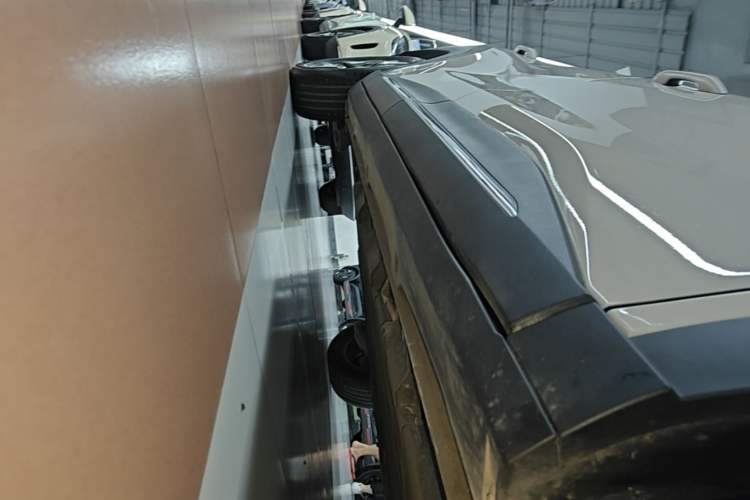 Used Wuling Bingo S 2025 Model 430km Flagship Edition Right Side Sill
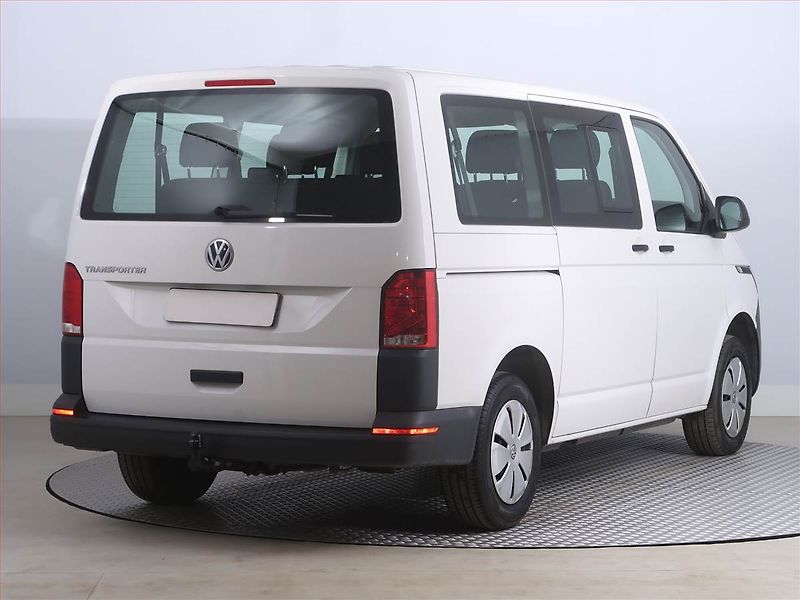 Volkswagen Transporter (2022) 2.0 TDI, Bus, 9Míst, ČR, DPH - fotka 5 z 17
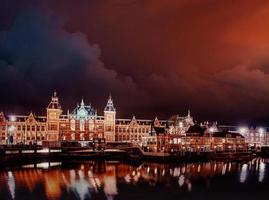 vacker natt i amsterdam. belysning av byggnader foto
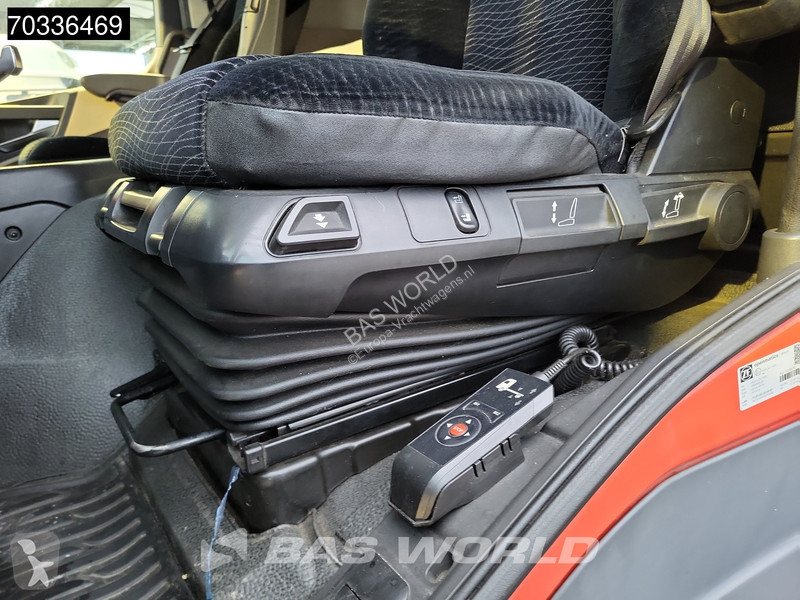 Mercedes 1840 4X2 StreamSpace Retarder tractor...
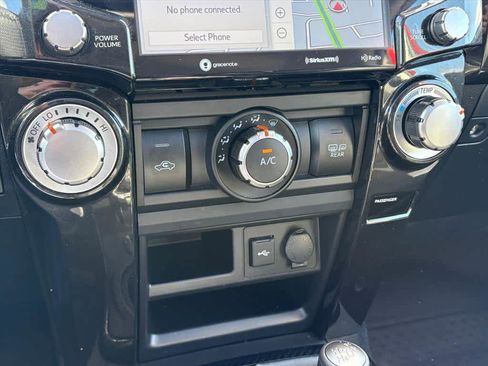 Used 2022 Toyota 4Runner TRD Off-Road Premium w/ Moonroof Package image 15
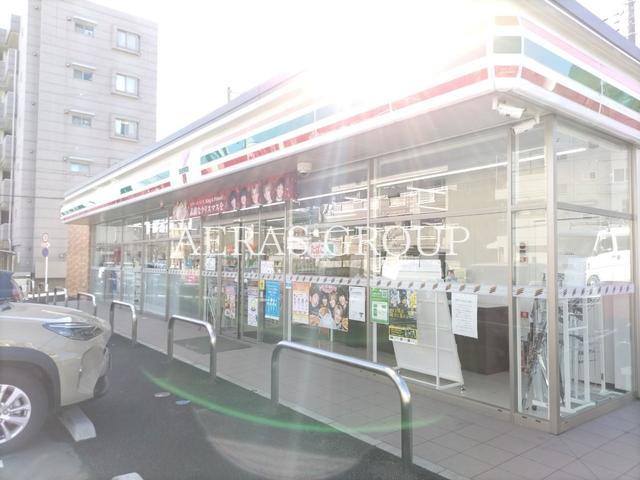 コンビニ　セブン-イレブン 相模原鵜野森３丁目店（コンビニ）まで129m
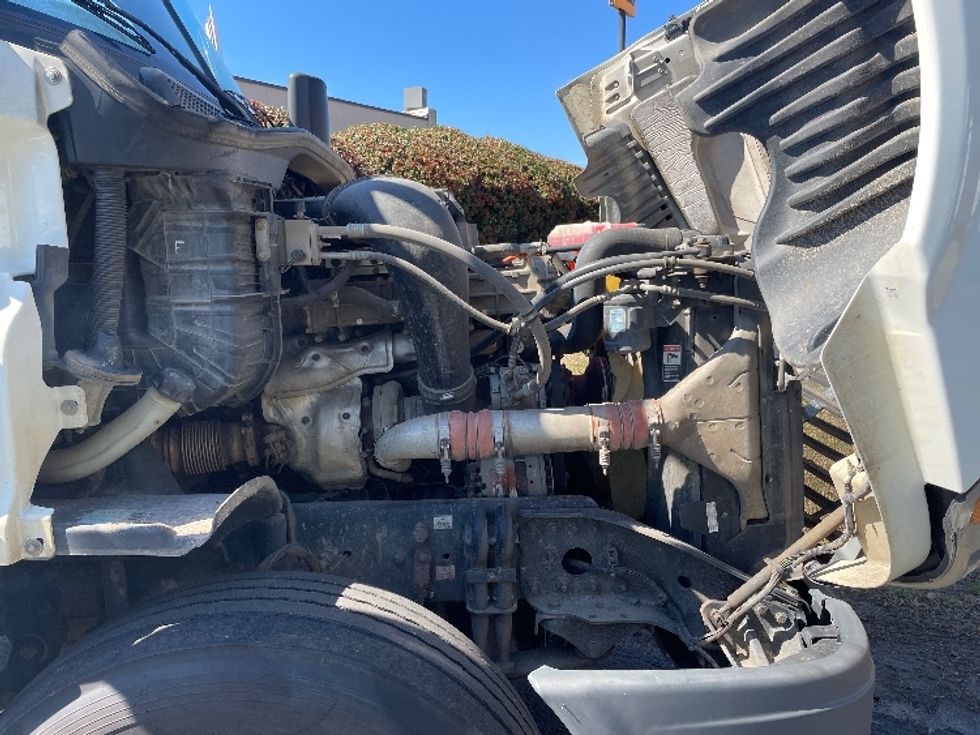 Day Cab Tractor-Heavy Duty Tractors-Freightliner-2019-Cascadia 12564ST-Spartanburg-SC-556,710\n\t\tmiles-$ 29,250 - Image 15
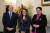 멜리사 리 장관(가운데)이 크리스토퍼 럭슨 뉴질랜드 총리(왼쪽), 신디 키로 뉴질랜드 총독과 기념 촬영을 하고 있다. [연합뉴스]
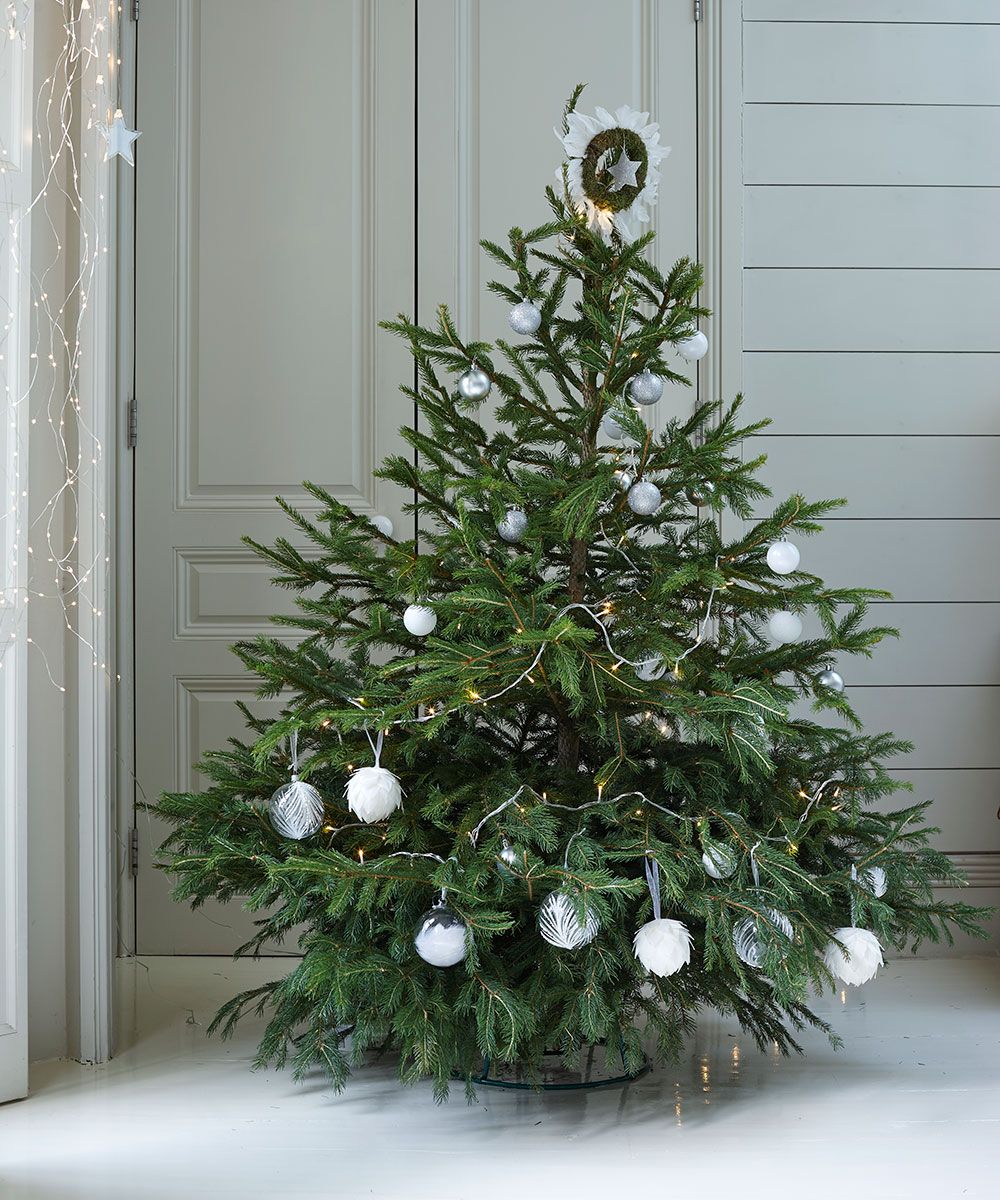 How to decorate a Christmas tree – the method pros use | Ideal Home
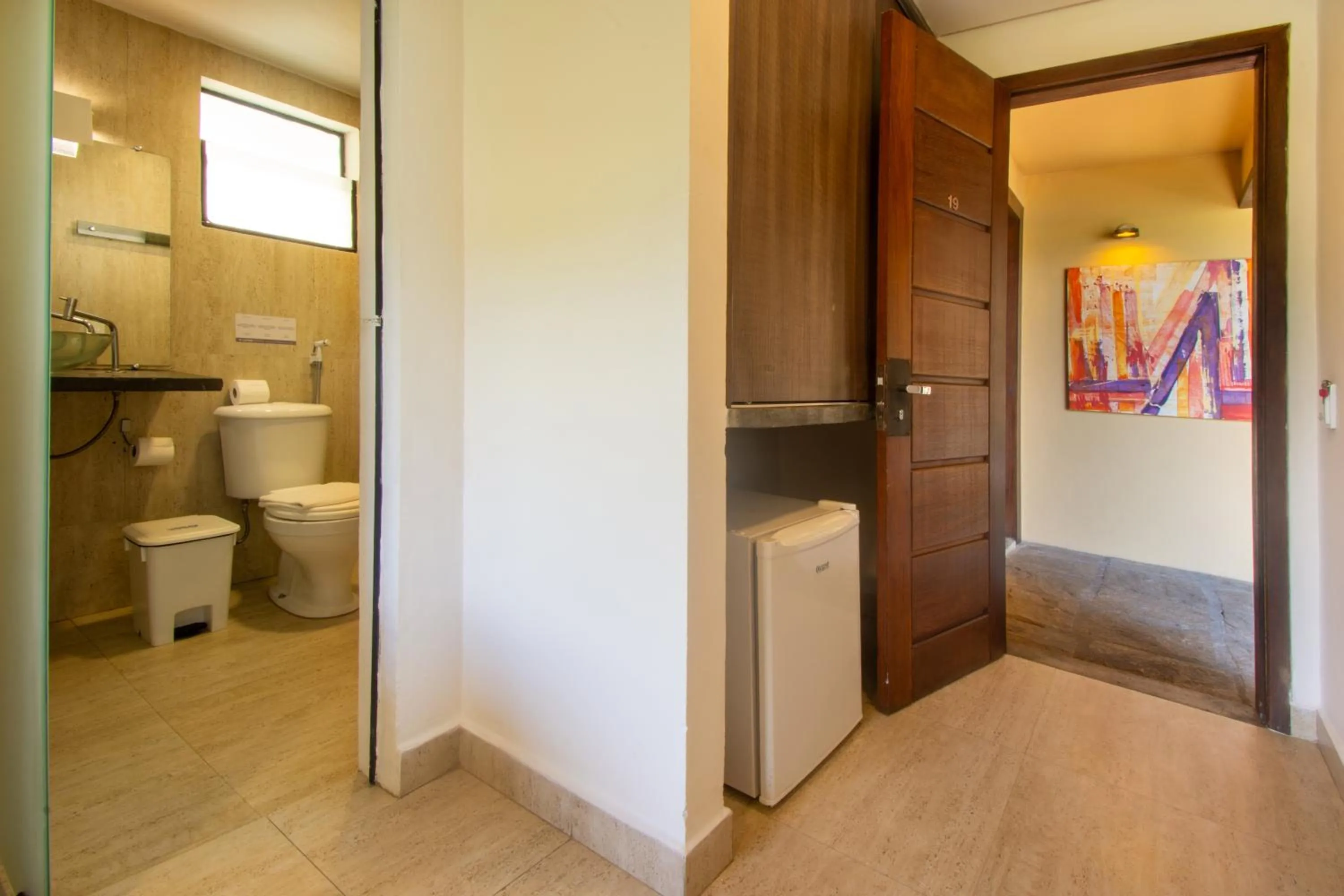 Toilet in Hotel Barra da Lagoa by Latitud Hoteles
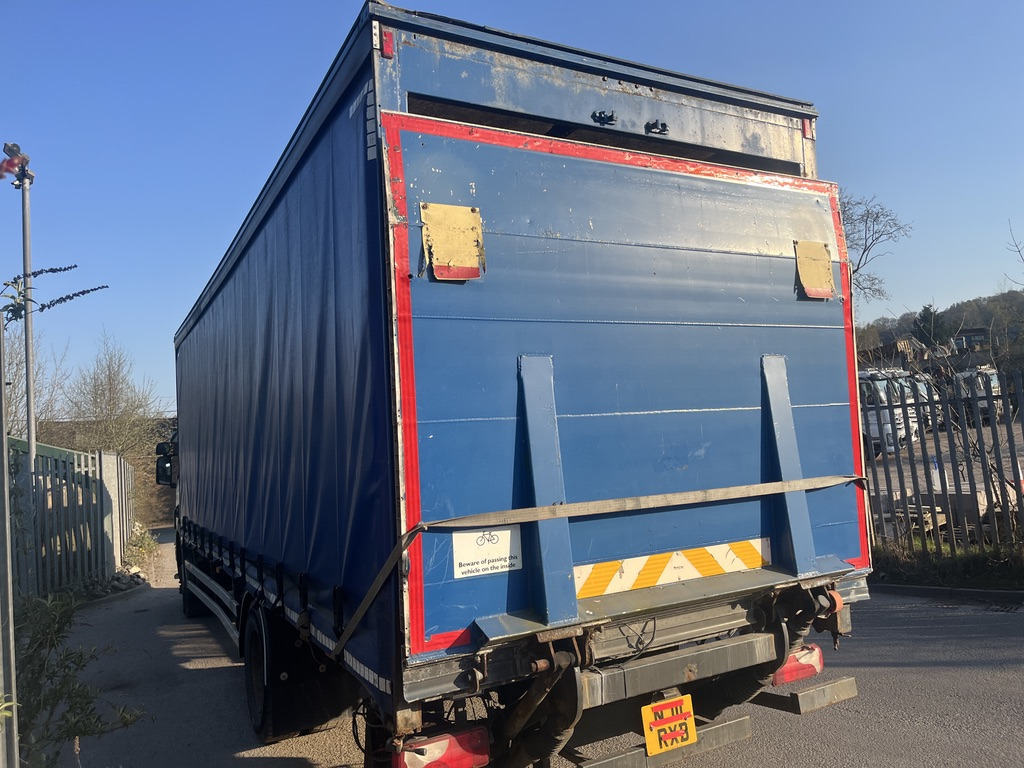 Scania P230 4x2 Curtain side - Kravas automašīna ar tentu: foto 4 Scania P230 4x2 Curtain side - Kravas automašīna ar tentu: foto 4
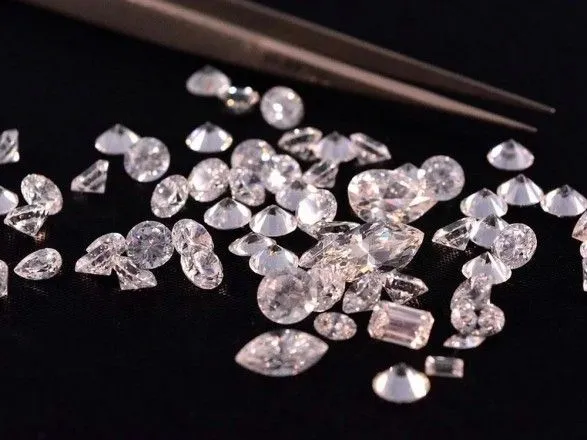 Діамантова контрабанда: у "Борисполі" затримали партію коштовностей на близько 17 млн гривень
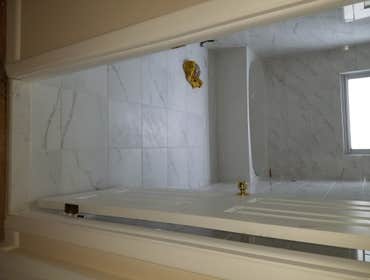 Ceramic Tile Bath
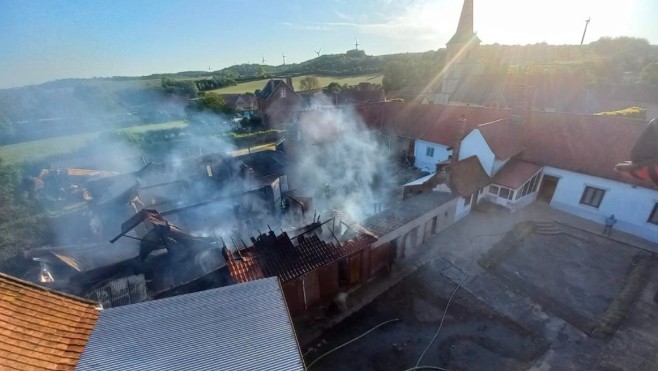 Feu de hangar à Audincthun 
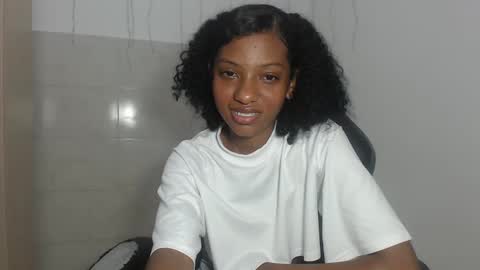 YUKARI online show from November 6, 2025, 7:04 pm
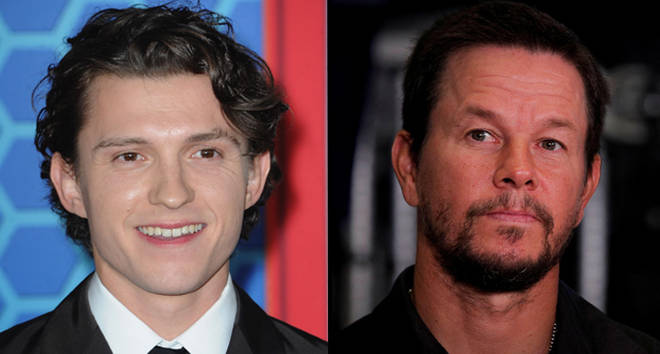 Tom Holland pensait que Mark Wahlberg lui avait offert un jouet sexuel et je crie 3 Tom Holland dit qu'il pensait que Mark Wahlberg essayait de lui faire une proposition.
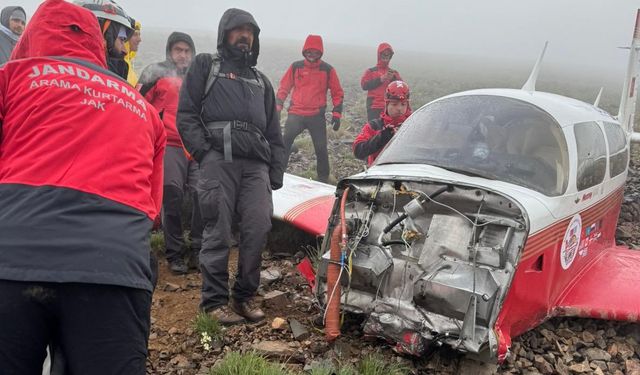 Uçağın enkazına ulaşıldı: 1 ölü 1 yaralı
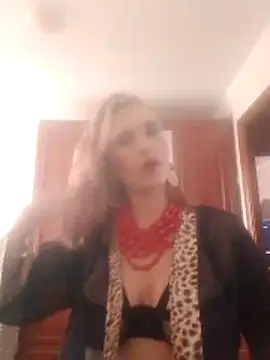 Snapshot of LaraDiva7799 chatting on 10-27-25, 10:52 LaraDiva7799 online show from 10-27-25, 10:52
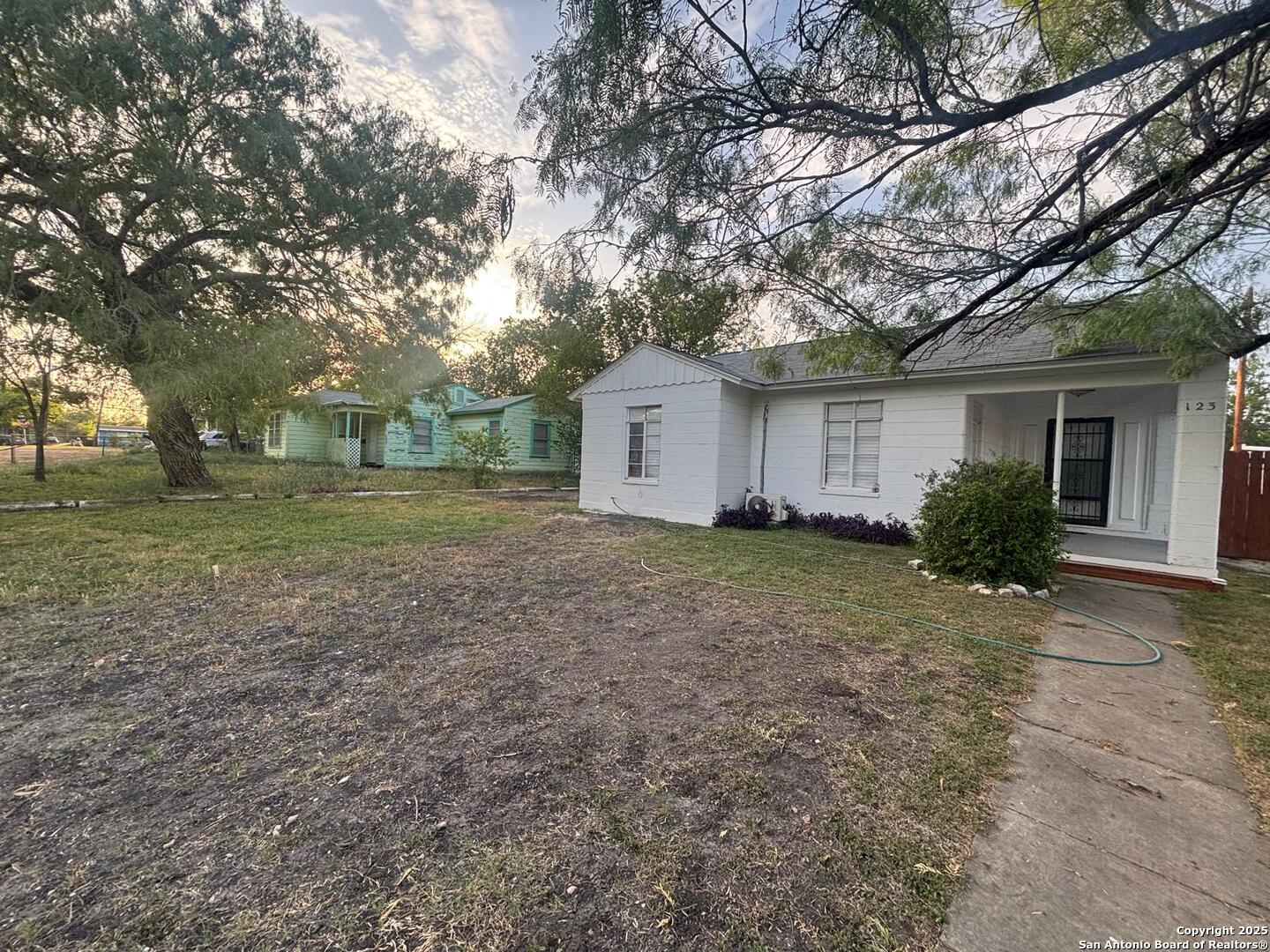 main property photo 25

- REQUIRED ACTION: Copy the material above in full and exactly, skipping pictures.

- EXPECTED OUTPUT:
 Used Wuling Bingo S 2025 Model 430km Flagship Edition Right Side Sill
 Volkswagen Transporter (2022) 2.0 TDI, Bus, 9Míst, ČR, DPH - fotka 5 z 17
 vacker natt i amsterdam. belysning av byggnader foto
 Mercedes 1840 4X2 StreamSpace Retarder tractor...
 Used 2022 Toyota 4Runner TRD Off-Road Premium w/ Moonroof Package image 15
 コンビニ　セブン-イレブン 相模原鵜野森３丁目店（コンビニ）まで129m
 Day Cab Tractor-Heavy Duty Tractors-Freightliner-2019-Cascadia 12564ST-Spartanburg-SC-556,710\n\t\tmiles-$ 29,250 - Image 15
 멜리사 리 장관(가운데)이 크리스토퍼 럭슨 뉴질랜드 총리(왼쪽), 신디 키로 뉴질랜드 총독과 기념 촬영을 하고 있다. [연합뉴스]
 How to decorate a Christmas tree – the method pros use | Ideal Home
 Toilet in Hotel Barra da Lagoa by Latitud Hoteles
 Scania P230 4x2 Curtain side - Kravas automašīna ar tentu: foto 4 Scania P230 4x2 Curtain side - Kravas automašīna ar tentu: foto 4
 Діамантова контрабанда: у "Борисполі" затримали партію коштовностей на близько 17 млн гривень
 Ceramic Tile Bath
 Feu de hangar à Audincthun 
 YUKARI online show from November 6, 2025, 7:04 pm
 Tom Holland pensait que Mark Wahlberg lui avait offert un jouet sexuel et je crie 3 Tom Holland dit qu'il pensait que Mark Wahlberg essayait de lui faire une proposition.
 Uçağın enkazına ulaşıldı: 1 ölü 1 yaralı
 Snapshot of LaraDiva7799 chatting on 10-27-25, 10:52 LaraDiva7799 online show from 10-27-25, 10:52
 main property photo 25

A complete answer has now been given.